Hubert (parents ouvriers) fait un retour en deux temps : d’abord dans sa ville puis chez ses parents. Sa situation avait atteint une limite :

« [l]a prise de produit était un peu plus compliquée. Il y a eu des moments où je pensais que cela décuplait ma créativité. Le lendemain, c’était soit nul, soit magnifique, ça me poussait à continuer. J’ai fait plusieurs expositions en étant dans un état second. J’ai eu un casier judiciaire avant mes 18 ans, il s’est agrandi encore une fois quand j’étais à Marseille. Ce n’est pas forcément plaisant de savoir que du jour au lendemain on peut rentrer chez toi avec un mandat pour perquisition » (Hubert, 21 ans, non-diplômé).

Hubert avait expérimenté une « vie d’artiste », mais il dérape progressivement : alcool, drogues, sorties… Il résiste d’abord à l’idée de retourner vivre avec ses parents. Un jour, à 19 ans, il prend conscience qu’il le désire et décide du jour au lendemain de rentrer pour se retrouver. Il passe quelque temps au domicile de son ancienne copine avant de contacter ses parents. Il va revenir vivre trois ans en famille :

« [j]e voulais changer d’air, ma décision a été prise en très peu de temps, mais elle était réfléchie. Un soir en prenant des stupéfiants, j’étais complètement ailleurs et d’un coup je me suis dit “il faut que je parte, il faut que j’aille ailleurs”, et trois jours après mes valises étaient prêtes. Et j’ai eu de la chance en reprenant contact avec mon ex de savoir qu’elle pouvait m’héberger en attendant que je me retourne. J’ai pris un train, je me suis pris une amende et en trois jours, c’était plié. Je n’ai pas hésité une seconde à partir, je me suis relevé le lendemain de la fameuse soirée et j’avais commencé à préparer mes valises. Je ne me rappelle pas pourquoi et j’ai appelé mes potes et ils m’ont dit que je devais retourner chez moi et là, ça a été le déclencheur de mon départ » (Hubert, 21 ans, non-diplômé).

Ce jeune rentre quand il a épuisé les possibilités de sa vie précédant le retour.
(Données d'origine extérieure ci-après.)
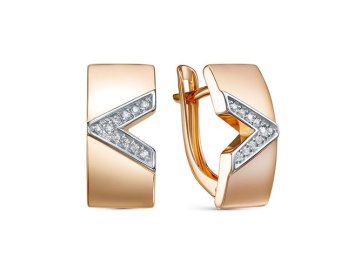 Серьги с английским замком 7 Карат, красное золото 585 проба, вставка фианит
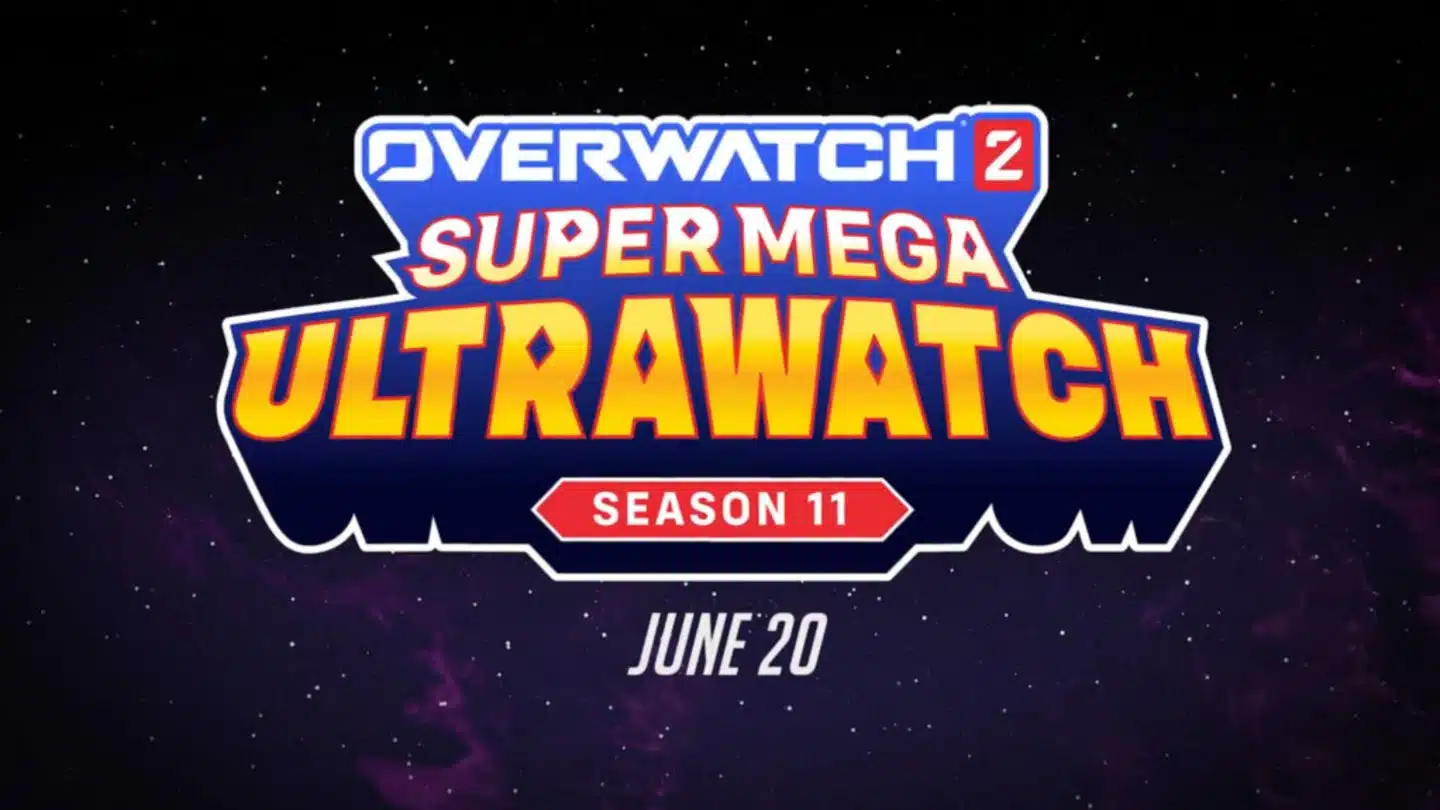 The image features a promotional graphic for Overwatch 2's Season 11, titled "Super Mega Ultrawatch." The text is stylized in bold, vibrant colors with a cosmic background speckled with stars. Below the season title, it states the release date: "June 20.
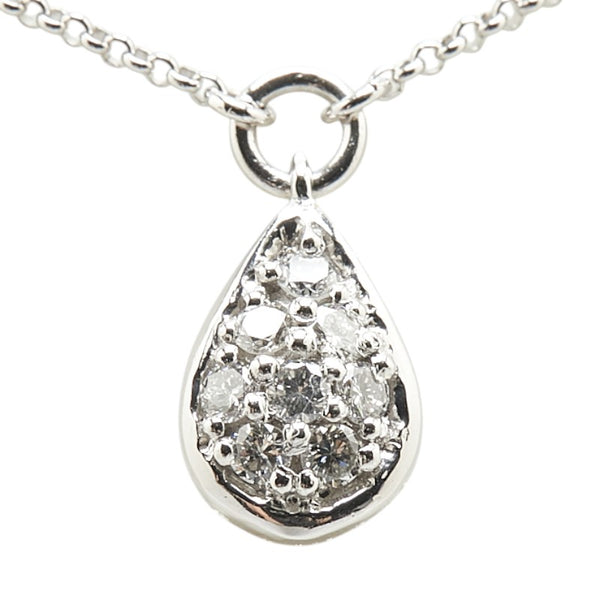 Pt900 プラチナ Pt850 プラチナ ダイヤ0.16ct 雫 モチーフ ペンダントネックレス レディース 【中古】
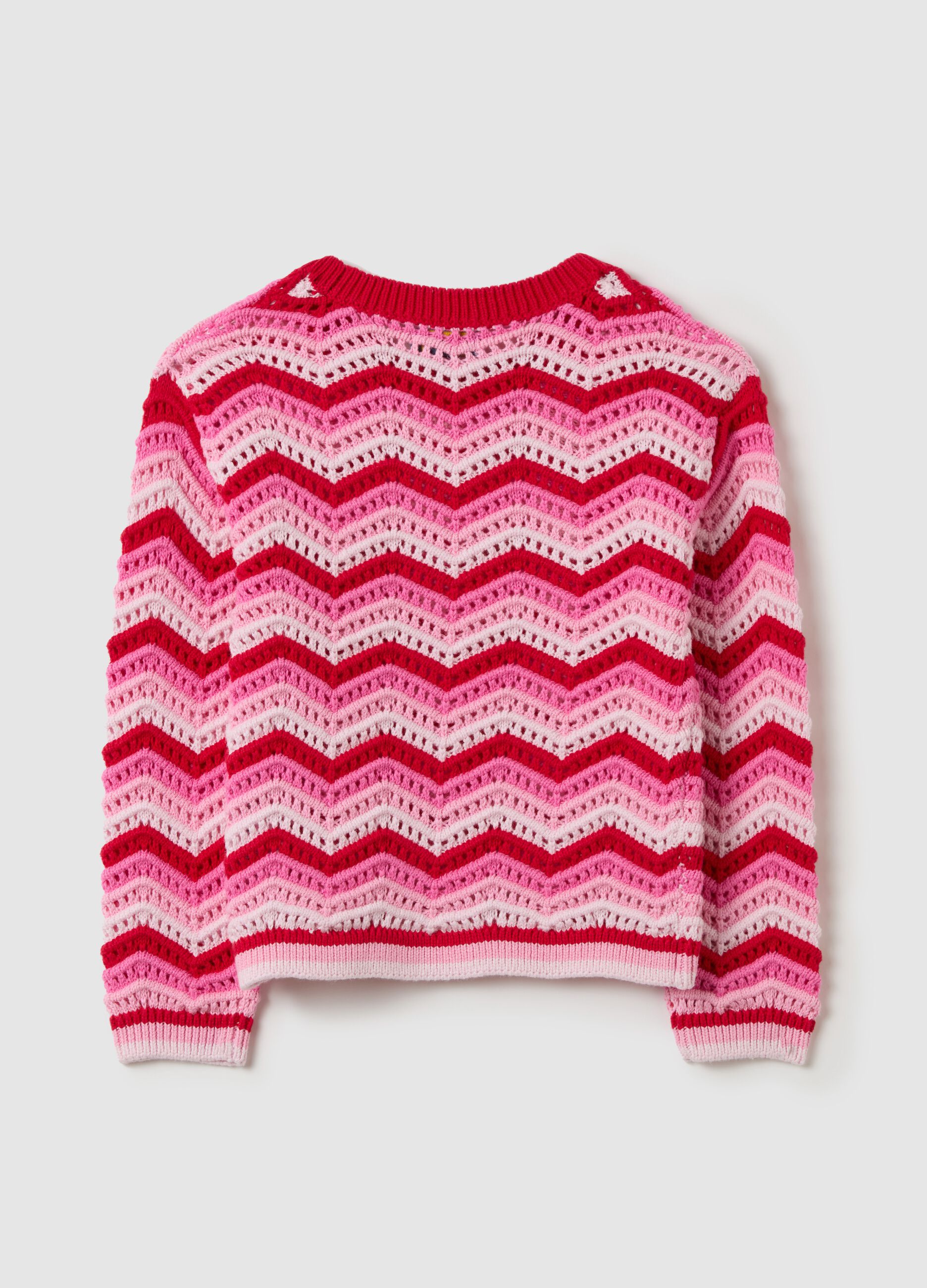 Striped pullover with openwork design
Ne plus pouvoir payer le loyer, sentir le risque de basculer complètement dans un état psychologique critique.

Protéger l’autonomie : ne pas investir l’espace

Au moment du retour, la situation est complexe : les jeunes sont confrontés au problème de revivre en famille. Si le milieu social joue un rôle dans les conditions matérielles plus ou moins convenables dans lesquelles les jeunes sont accueillis, les relations familiales ne sont toutefois pas toujours fonction du milieu social. Les jeunes protègent leur autonomie par des comportements de résistance variés comme ne pas enlever leurs affaires des cartons, éviter de décorer la chambre ou encore se « séparer » de la famille spatialement. La résistance est parfois motivée par des raisons personnelles, sans qu’il y ait pour autant de mauvaises relations familiales. Dans d’autres cas, elle peut être générée par l’attitude des parents qui « donnent des signes » aux jeunes d’être de trop.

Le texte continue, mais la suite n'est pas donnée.